_SUPPLIED MATERIAL_
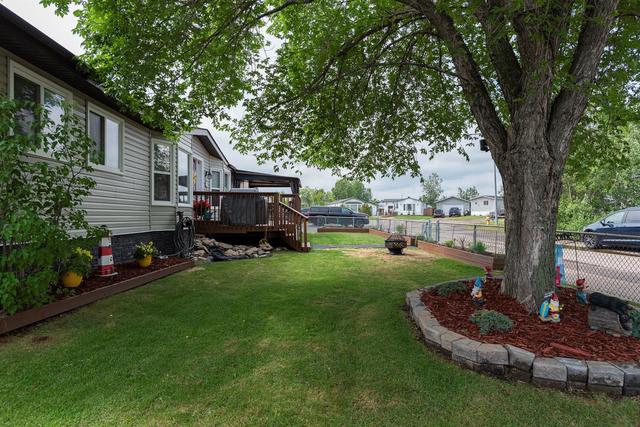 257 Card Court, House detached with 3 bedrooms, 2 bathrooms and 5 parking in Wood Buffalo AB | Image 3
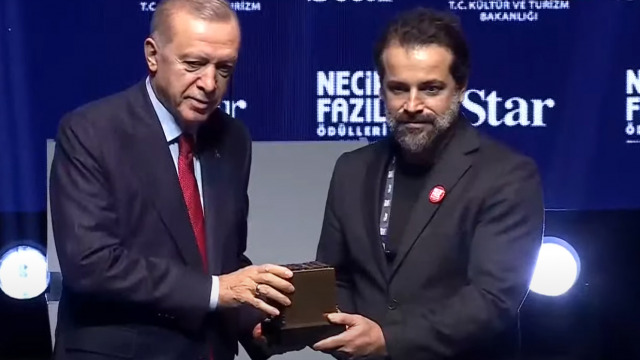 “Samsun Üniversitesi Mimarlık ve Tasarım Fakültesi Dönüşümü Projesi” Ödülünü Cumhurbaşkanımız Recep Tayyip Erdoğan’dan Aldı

---

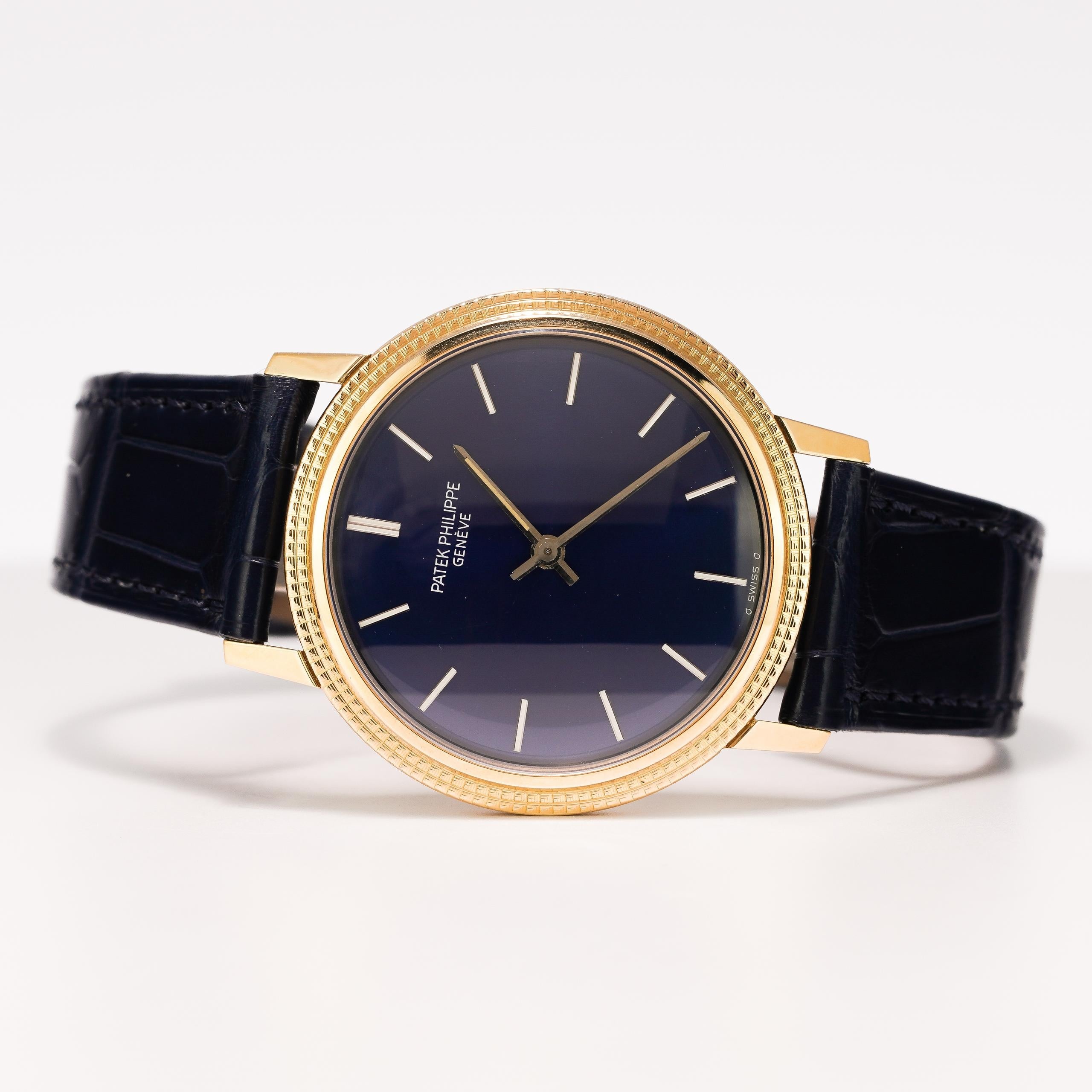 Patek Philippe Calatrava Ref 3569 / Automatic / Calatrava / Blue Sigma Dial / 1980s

* * *

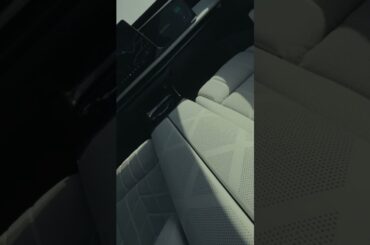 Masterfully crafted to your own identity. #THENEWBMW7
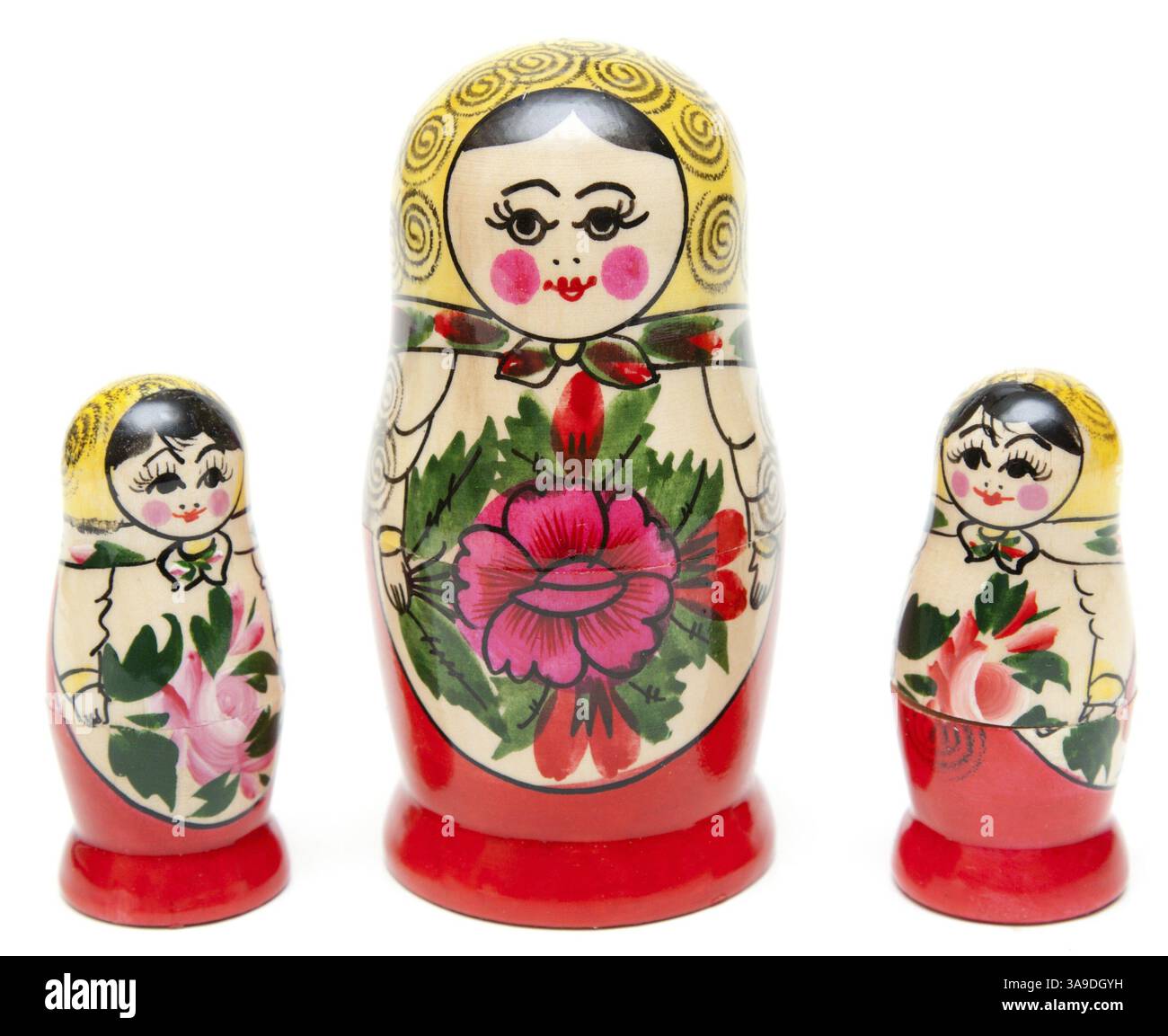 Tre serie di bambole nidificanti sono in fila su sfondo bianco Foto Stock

_WHAT YOU NEED TO DO_
Every line above in the stretch from the one with "257 Card Court, House" through the one with "Tayyip Erdoğan’dan Aldı" is to be transcribed exactly, ends included. No picture is copied.

_RESPONSE BOX_
 257 Card Court, House detached with 3 bedrooms, 2 bathrooms and 5 parking in Wood Buffalo AB | Image 3
 “Samsun Üniversitesi Mimarlık ve Tasarım Fakültesi Dönüşümü Projesi” Ödülünü Cumhurbaşkanımız Recep Tayyip Erdoğan’dan Aldı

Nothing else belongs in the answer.